Die Entscheidung des Europäischen Gerichtshofes (EuGH) vom 17. Dezember 2020 zu Abschalteinrichtungen in Kraftfahrzeugen betrifft ein französisches Strafverfahren, bei dem es entscheidend darauf ankam, ob die im konkreten Fall verbaute Technik eine unzulässige Abschalteinrichtung darstellt. Genau geht es um den Verbau einer Umschaltlogik, mit der das Fahrzeug einen Prüfzyklus im Labortest erkennt mit der Folge, dass die NOx-Werte im realen Verkehr steigen. Der EuGH hatte sich mit den Argumenten des Herstellers auseinanderzusetzen, der die Zulässigkeit solcher Abschalteinrichtungen unter anderem mit dem Argument des Motorschutzes begründet hatte. Die Entscheidung betrifft damit den seit 2015 bekannten Sachverhalt einer Zykluserkennung. Bereits 2015 hat das Kraftfahrt-Bundesamt (KBA) die Unzulässigkeit einer solchen Abschalteinrichtung festgestellt, im konkreten Fall erklärt und somit zum Gegenstand von entsprechenden Entscheidungen gemacht. Das KBA hat in diesen Fällen gegenüber betroffenen Herstellern verbindliche Rückrufe angeordnet. In Deutschland betraf dies rund 3 Millionen Fahrzeuge. Die Informationen zu verpflichtenden Rückrufen sind auf der Internetseite des KBA abrufbar. Das KBA hat als Maßstab eine sehr enge Auslegung der Ausnahmeregelungen für die Zulässigkeit von Abschalteinrichtungen angewandt und dabei entsprechend den Vorgaben des Artikels 5 Absatz 2 zu Abschalteinrichtungen in der europäischen Verordnung (EG) Nummer 715/2007 agiert. Grundlage für entsprechende Entscheidungen, ob es sich um eine Abschalteinrichtung handelt und ob diese unter Anwendung der Regelungen des Artikels 5 Absatz 2 der Verordnung (EG) Nummer 715/2007 ausnahmsweise zulässig ist, ist stets die Prüfung des Einzelfalls, für die eigene Untersuchungen und Messungen des KBA erfolgen. Das KBA sieht sich durch die Entscheidung des EuGH in seinem seit 2015 praktizierten Vorgehen bestätigt.

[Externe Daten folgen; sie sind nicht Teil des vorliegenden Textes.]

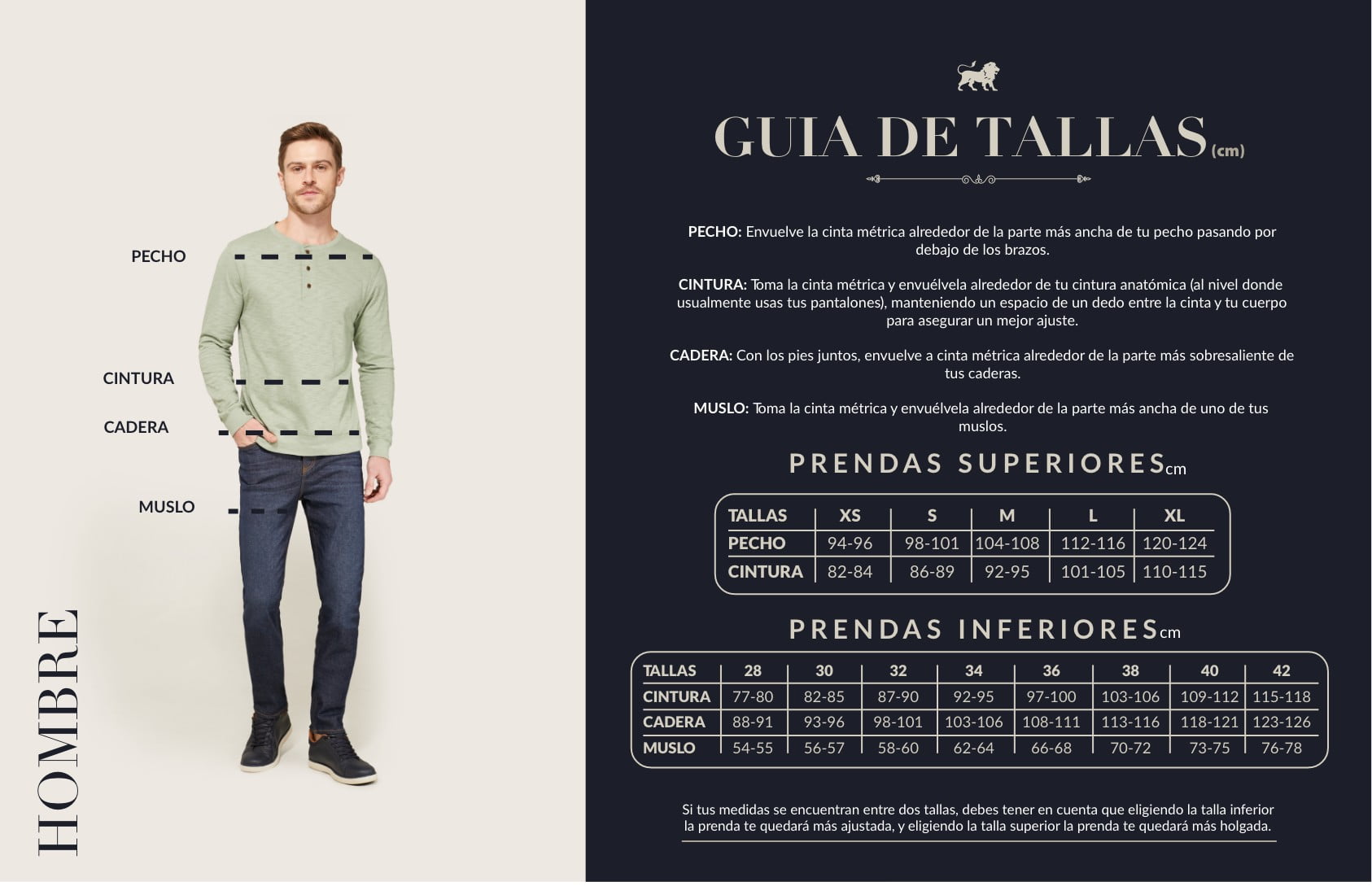 PANTALON JOGGER 44071106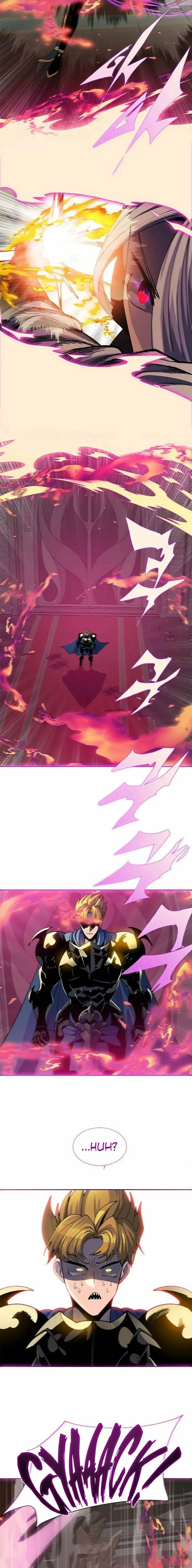 image-komik-dungeon-porter-chapter-10-2/38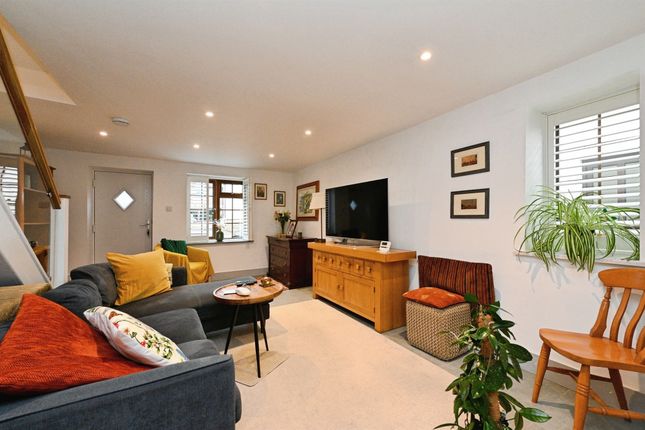 5, Chapel Row, DOWNHAM MARKET photo 2
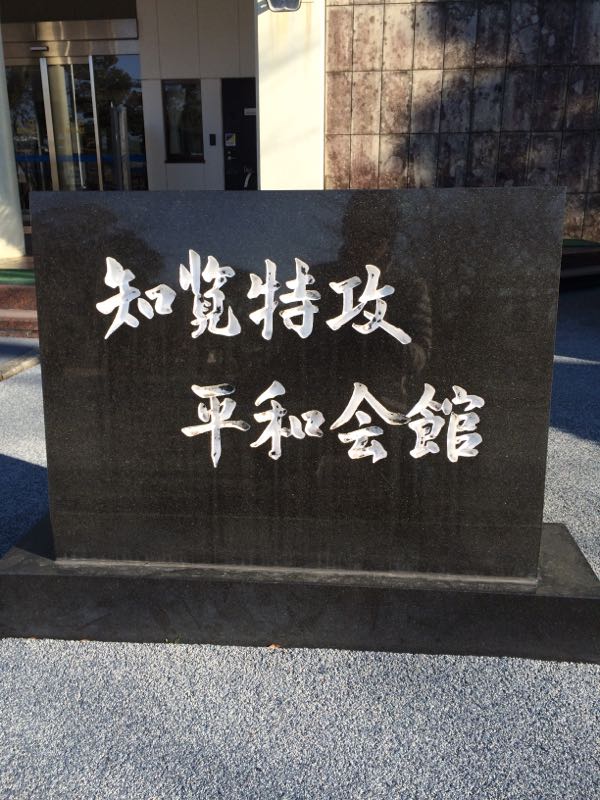 rblog-20160129220249-09.jpg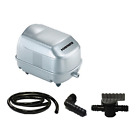 250224 Danner 15660 Clearguard Backwash 025033156609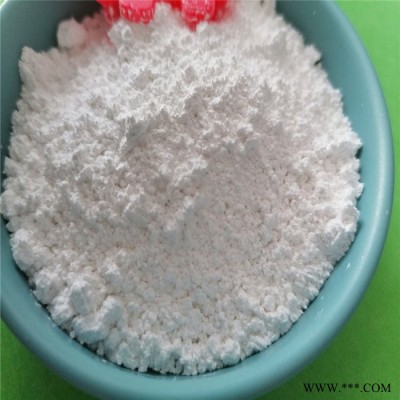 石茂供应超微细滑石粉 防火材料滑石粉 化妆品级滑石粉 涂料油漆滑石粉图4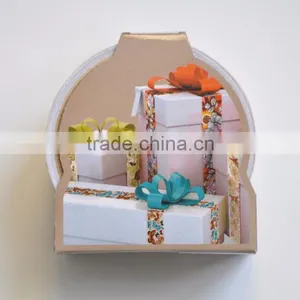 MASKING TAPE 3.95M thumbnail-5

Die Entscheidung des EuGH geht nicht auf die Frage der Zulässigkeit von temperaturabhängigen Abschalteinrichtungen ein. Diese Fragestellung wird vielmehr in einem separat laufenden Verfahren des EuGH behandelt, zu dem eine Entscheidung im zweiten Halbjahr des Jahres 2021 erwartet wird. Das KBA verzeichnet dazu vermehrt Anfragen, deswegen wird die Stellungnahme des KBA vom 17.12.2020 in dieser Sache ergänzt.
Mit dem vorliegenden Urteil stellt der EuGH fest, dass grundsätzlich alle Abschalteinrichtungen zulässig sind, die den Motor vor plötzlichen und außergewöhnlichen Schäden schützen. Auch temperaturabhängige Abschalteinrichtungen können plötzlich auftretende und außergewöhnliche Motorschäden verhindern, indem sie übermäßige Ablagerungen im Motor (Versottung, Verlackung) oder die Verdünnung des Motoröls mit Kraftstoff unterbinden. Dies zeigt auch eine aktuelle wissenschaftliche Studie der Technischen Universitäten Karlsruhe, Darmstadt und Magdeburg.

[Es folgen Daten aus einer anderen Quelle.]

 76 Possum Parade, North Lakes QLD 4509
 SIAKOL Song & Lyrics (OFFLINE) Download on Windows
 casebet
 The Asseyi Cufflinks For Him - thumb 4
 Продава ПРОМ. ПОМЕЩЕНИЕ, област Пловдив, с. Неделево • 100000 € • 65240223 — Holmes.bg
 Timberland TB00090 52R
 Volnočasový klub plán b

Darüber hinaus gibt es noch weitere Schäden, wie sie zum Beispiel durch Vereisungen im Motoransaugtrakt entstehen können. Solche Schäden können abhängig von den Fahr- und Umgebungsbedingen unvorhersehbar schnell und plötzlich auftreten und können nicht durch ein angepasstes Serviceintervall vermieden werden. Die thermodynamische Komplexität solcher Effekte ist hoch und die Wechselwirkung zu Fahrweisen und Fahrbedingungen lassen eine verlässliche, pauschale Vorhersage der Auswirkungen solcher Schäden nicht zu.
In jedem Einzelfall prüft das KBA daher, ob solch ein Fall vorliegt oder ob die Grenzen der temperaturabhängigen Abschalteinrichtung nicht zu eingrenzend gewählt wurden und aus der Motorschutzeinrichtung eine "Motorschoneinrichtung" wurde, die lediglich dazu dient, Serviceintervalle zu verlängern oder regelmäßige Inspektionen zu verringern. Solche Thermofenster sind grundsätzlich unzulässig und wurden vom KBA auch bislang nicht akzeptiert.